Switzerland’s economy will avoid a deep slump as domestic demand helps counter pressure on exports from the stronger franc, the government’s chief economist said.
“At the moment I believe the risk of us getting into a deep recession is low,” Eric Scheidegger, who heads the economic policy division at the State Secretariat for Economic Affairs, said in an interview in Bern.
Economic momentum is set to slow this year after the Swiss National Bank abolished its currency cap, and data two weeks ago showed output declined in the first three months of 2015. A contraction this quarter, as predicted by 90 percent of economists in Bloomberg’s most recent monthly poll, would put Switzerland in its first recession in six years.
“We can assume that it won’t be a very good second quarter,” Scheidegger said in the interview on Wednesday, adding that buoyant private consumption and a strong construction industry were helping to offset weak trade.
The SECO forecasts growth of 0.9 percent this year, less than half the rate it predicted before the franc cap of 1.20 per euro was scrapped in January. It sees expansion accelerating to 1.8 percent next year. Consumer prices are set to fall 1 percent in 2015, then climb 0.3 percent in 2016.
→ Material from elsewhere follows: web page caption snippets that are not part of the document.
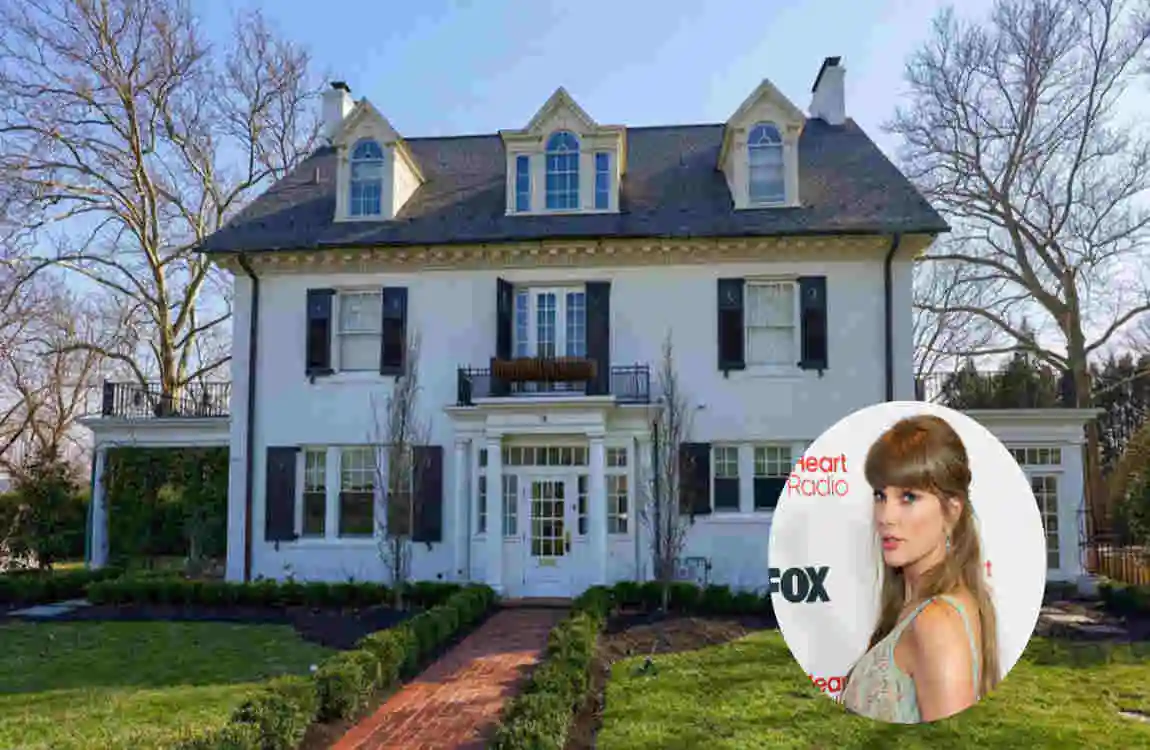 Taylor Swift House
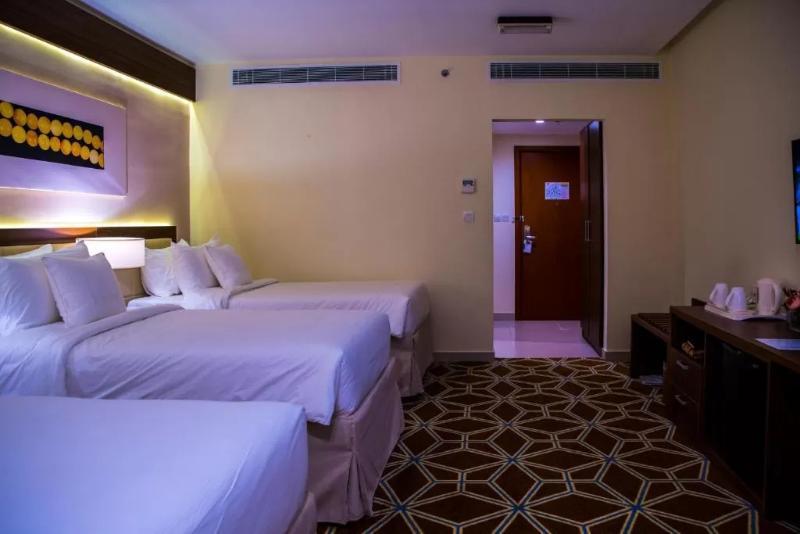 Hotel Blue Coral Mecca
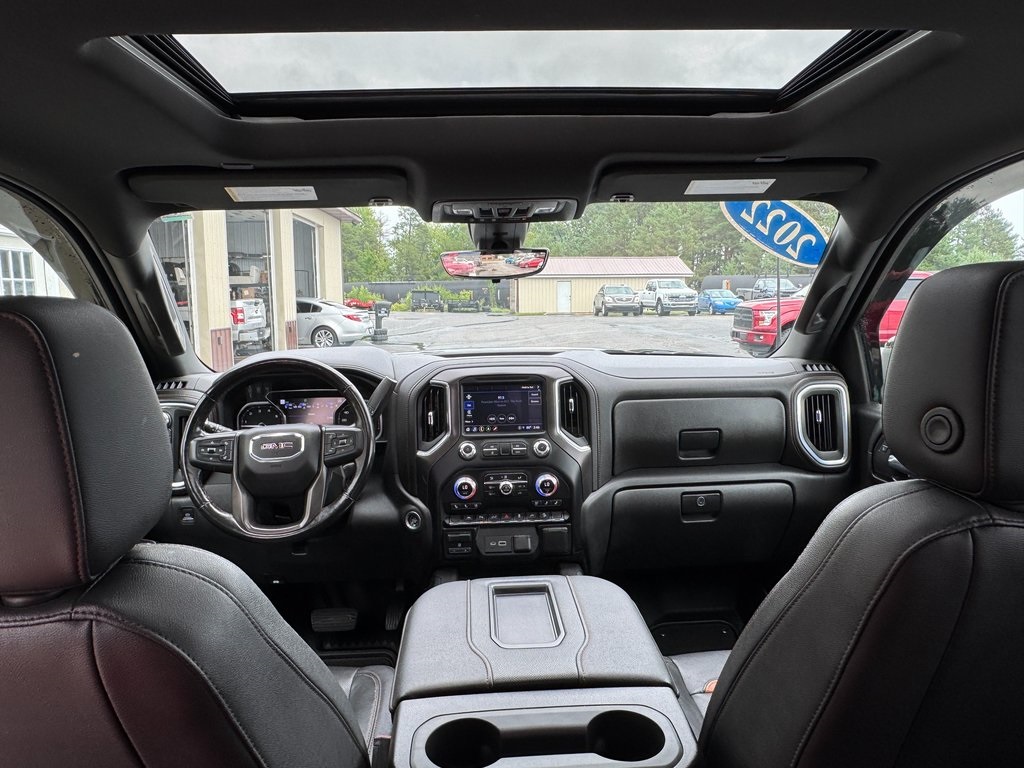 2022 Gmc Sierra 1500 Limited AT4 photo 33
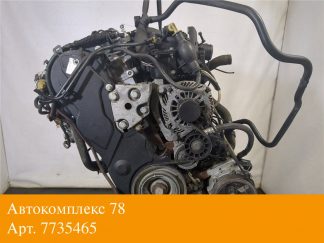 Двигатель Citroen C4 Picasso 2006-2013 RHJ (взаимозаменяемы: RHJ)
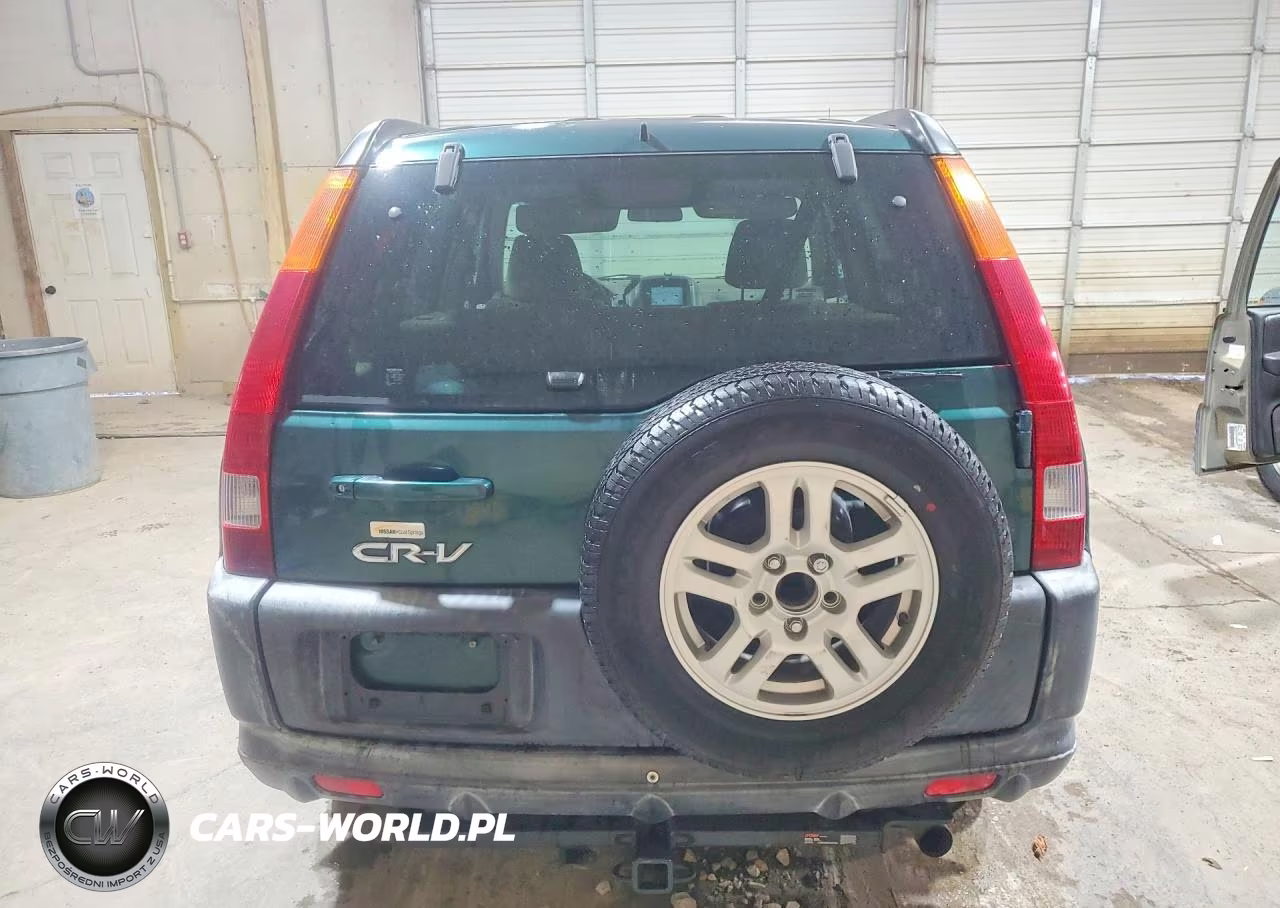2004 Honda Cr-V Ex VIN:JHLRD78844C027367 - 6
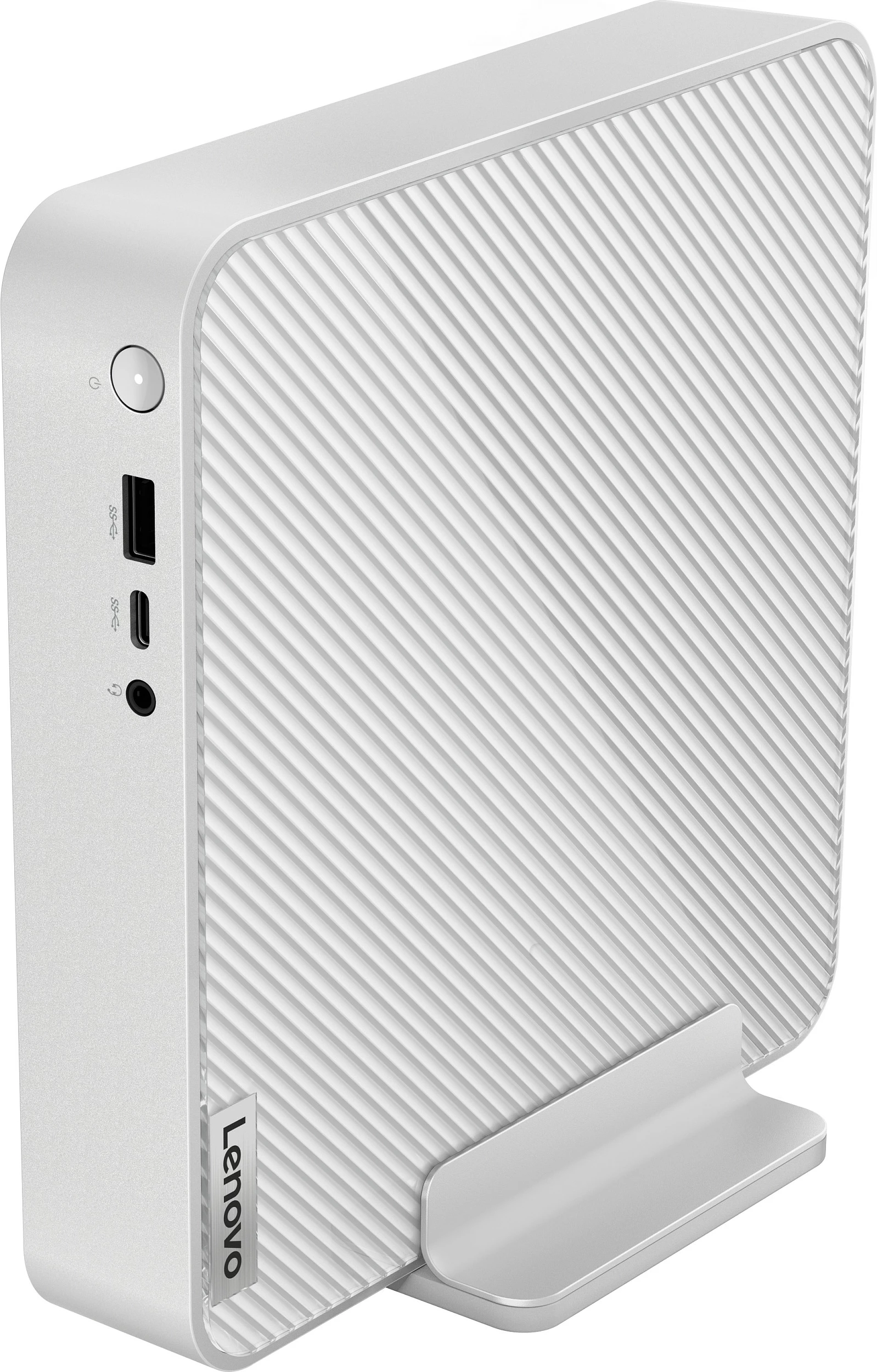 Mini PC Lenovo IdeaCentre Mini 5 01IRH8, i5-13420H, 16GB RAM Memorje, 512GB SSD, Windows 11 Pro, Cloud Grey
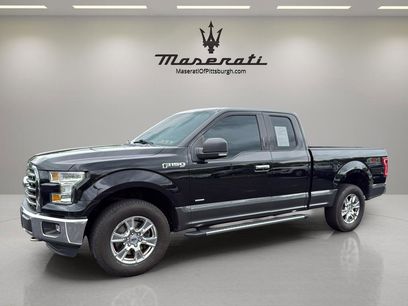 Used 2016 Ford F150 XLT w/ Equipment Group 302A Luxury
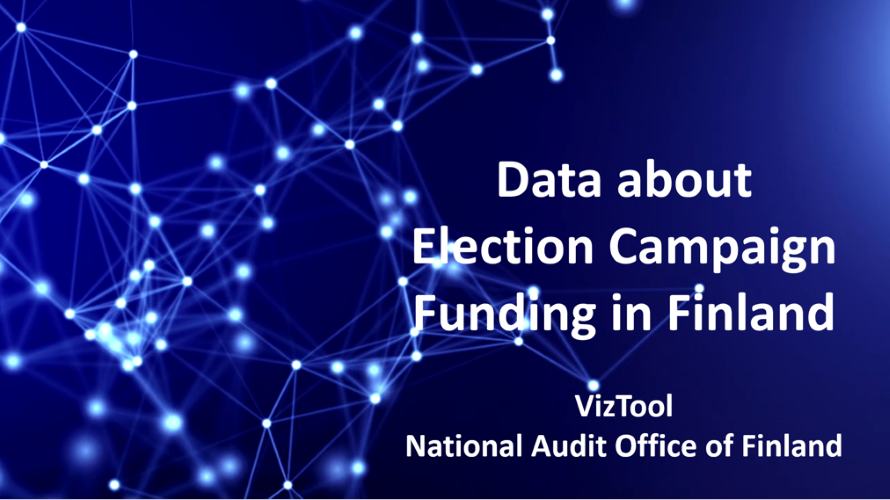 Election Campaign Funding in Finland preview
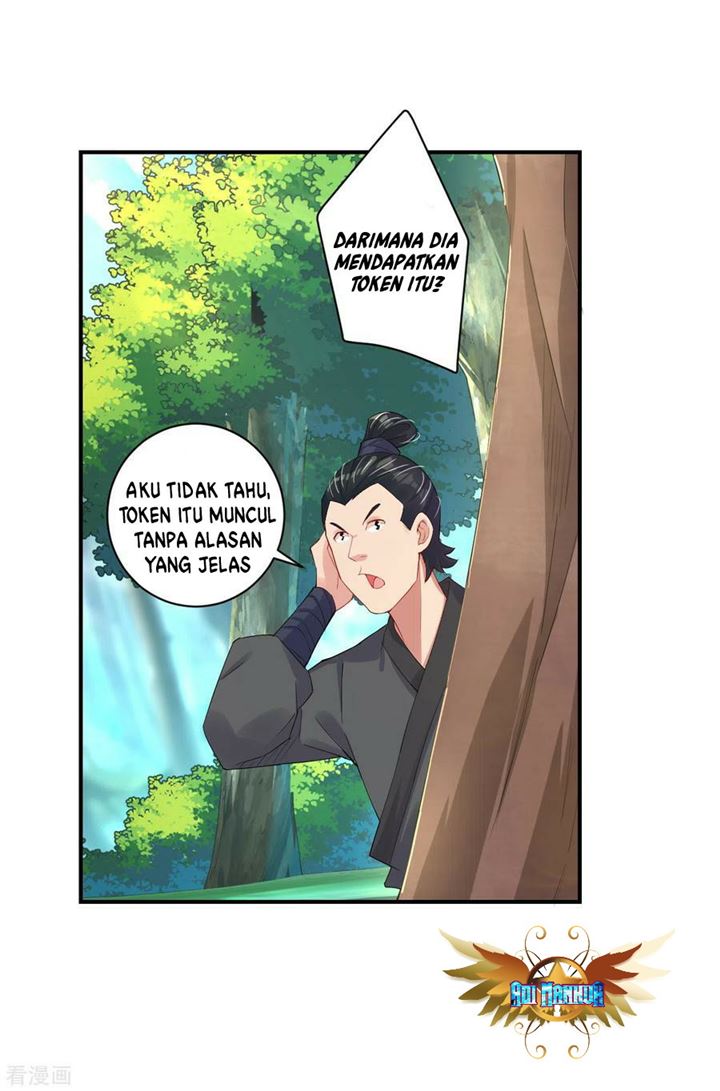 Reborn of War God Chapter 143 Gambar 6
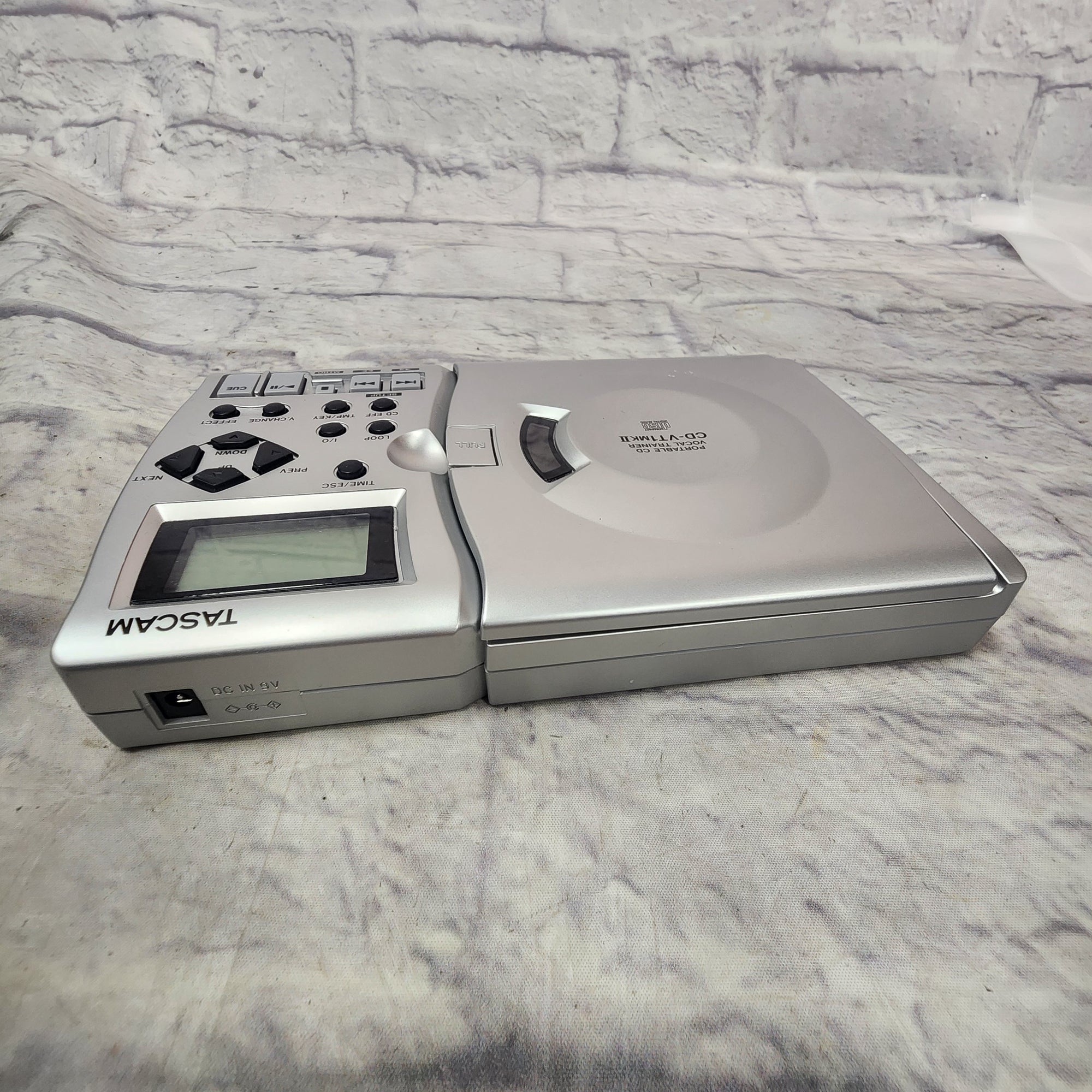 Tascam CD-VT1 mkII CD Trainer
It will update its outlook on June 16, two days before the central bank’s next rate decision. Scheidegger said it’s hard to say whether this quarter will be as bad as the first, when the economy shrank 0.2 percent.
One reason for optimism, according to Scheidegger, is that the global environment now is better than in 2011, when concern about a euro-area breakup led investors to flock to the franc, prompting the SNB to set its currency cap. A rising interest-rate differential with the euro area and the U.S. as central banks there normalize their policies should eventually help weaken the franc, he said.
“We expect the U.S. to develop positively, and the euro area is out of recession,” he said. “There will be a stabilization and a small improvement in the economic perspectives.”
The franc has climbed about 15 percent against the euro this year and is up 7 percent against the dollar. It stood little changed at 1.05443 per euro at 11:47 a.m. in Zurich on Thursday, while against the dollar it was at 93.62 centimes.
“The appreciation of the franc is very strong, but it can’t be lasting -- there’s got to be a correction when you have such a strong move away from the long-term average and purchasing power parity,” Scheidegger said. “What economists can’t say is the exact point in time when that will happen.”
One key variable in that equation is Greece, under pressure to meet creditor demands in return for funds to prevent a default. Were Greece to give up the euro -- dubbed a “Grexit” -- that could cause more financial-market turbulence and a run on assets perceived as safe.
“It’s to be expected that pressure on the Swiss franc should rise given its role as a safe haven,” he said. “What’s important is how a Grexit is managed, how much of a surprise it is or whether it’s the result of months of muddling through.”